Nossas comunidades, Marcelo, esquecerão nossas belas pregações, nossos mirabolantes projetos paroquiais, nossas manias e pecados, mas não esquecerão nossos gestos de amor, o menor deles. Talvez insignificantes e corriqueiros para nós, mas fecundos e inesquecíveis para aqueles que os receberam. Um olhar, um aperto de mão, uma visita, uma escuta em hora imprópria, um abraço na hora da morte, uma parada para dar atenção, um nome guardado e pronunciado, um afago, um quase nada feito com amor… isso fará parte indelével de muitos corações sensíveis, que jamais nos esquecerão.
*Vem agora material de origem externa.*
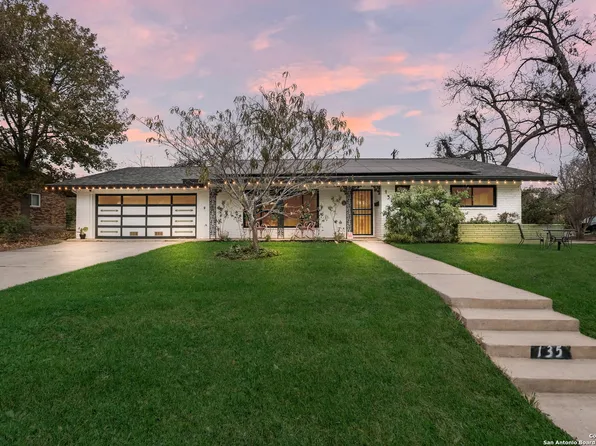 135 Meadowood Ln, San Antonio, TX 78216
Termino, caro Marcelo, dando-te, porque te amo e te quero um sacerdote amoroso, alguns minúsculos conselhos: não te esqueças daqueles que certamente te amarão mais, os pobres; põe amor em tudo que fizeres, na escuta, no trato, no cuidado das pessoas, pois agirás em nome de um Deus que é amor; age, pois, como quem oferece Deus naquilo que fazes; cuida para que todos se lembrem do modo como presides a Eucaristia e não do modo como consegues executar planos ou ajuntar recursos. Celebra bem, pois a Eucaristia faz a Igreja, dá sentido ao sacerdócio e formata o coração dos seus comensais. “Aquele que comemos naquela mesa nos transforma nele”, como pregava Santo Agostinho.
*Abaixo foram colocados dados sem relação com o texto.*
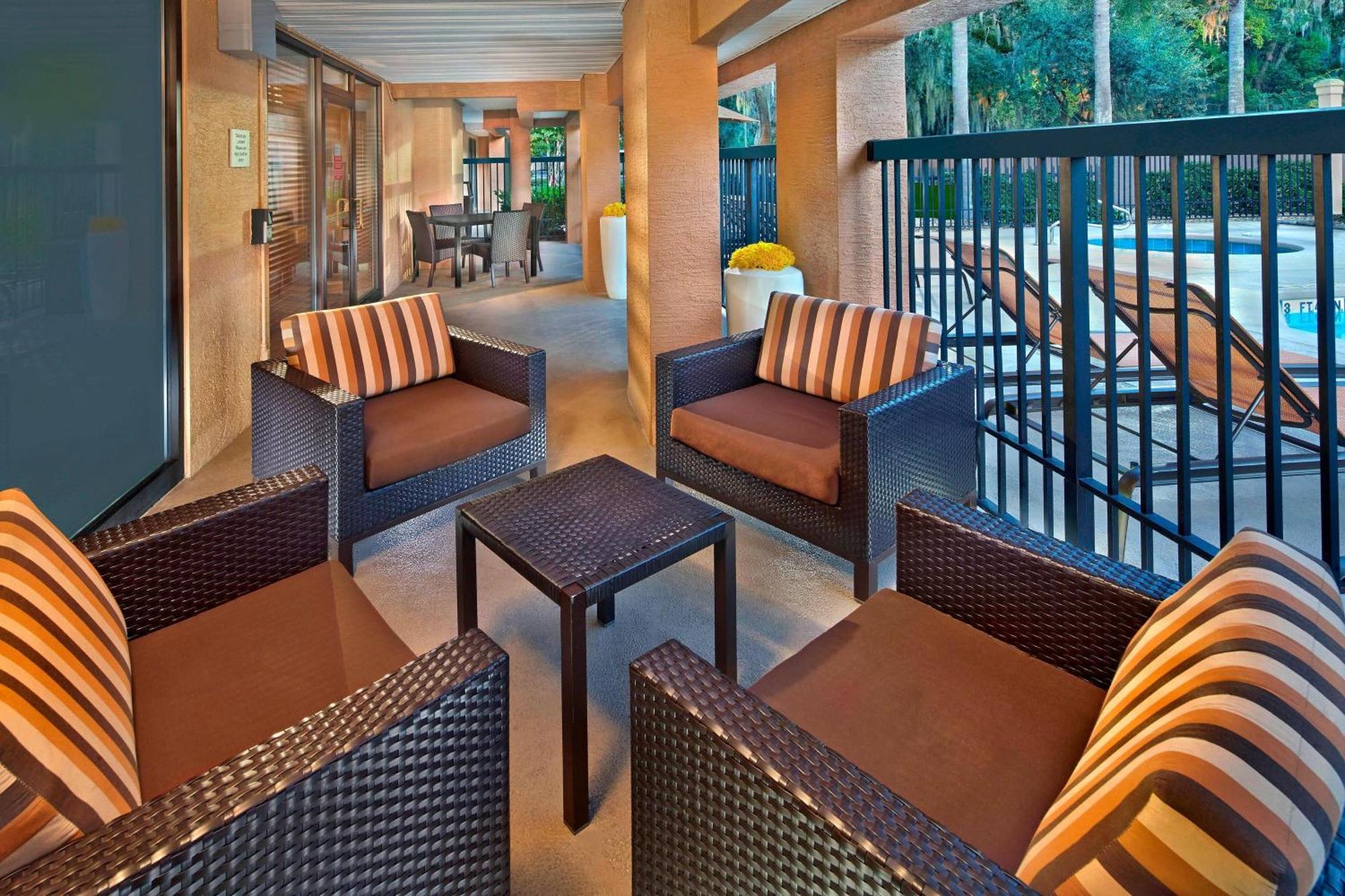 Courtyard By Marriott Orlando East/Ucf Area Hotel Alafaya Buitenkant foto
São Maximiliano Maria Kolbe escrevera um dia: “Conseguiremos tudo mais facilmente pela intercessão da Virgem Imaculada, a quem a bondade de Deus confiou os tesouros da sua misericórdia. Pois não há dúvida que a vontade de Maria seja para nós a própria vontade de Deus. E, quando nos dedicamos a ela, tornamo-nos em suas mãos instrumentos, como ela própria, nas mãos de Deus. Portanto, deixemo-nos dirigir por ela, ser conduzidos por ela, e sejamos calmos e seguros por ela guiados: pois ela cuidará de nós, tudo proverá e há de socorrer-nos prontamente nas necessidades do corpo e da alma, afastando nossas dificuldades e angústias”.
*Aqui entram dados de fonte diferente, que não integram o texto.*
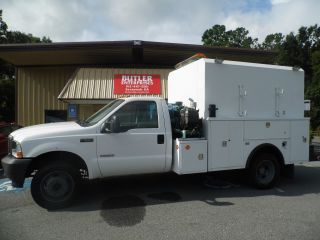 2003 Ford F550 Xl photo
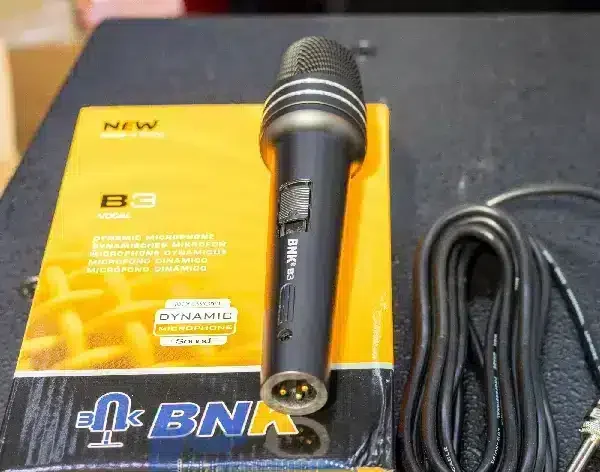 BNK B3 Professional Dynamic Microphone - Image 1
Marcelo, que a Virgem Santíssima, tão presente na vida, na fé e no ministério de São Maximiliano, cuide do teu coração sacerdotal para que ele seja sempre lugar de um misterioso amor que torne criativo e fecundo teu ministério, e assim te mostres como um homem que nasceu de Deus e conhece a Deus, um homem dado à diaconia e ao sacerdócio do amor, um homem habitado por Deus, um sacerdote no qual se vê a Deus, que é amor! Amém.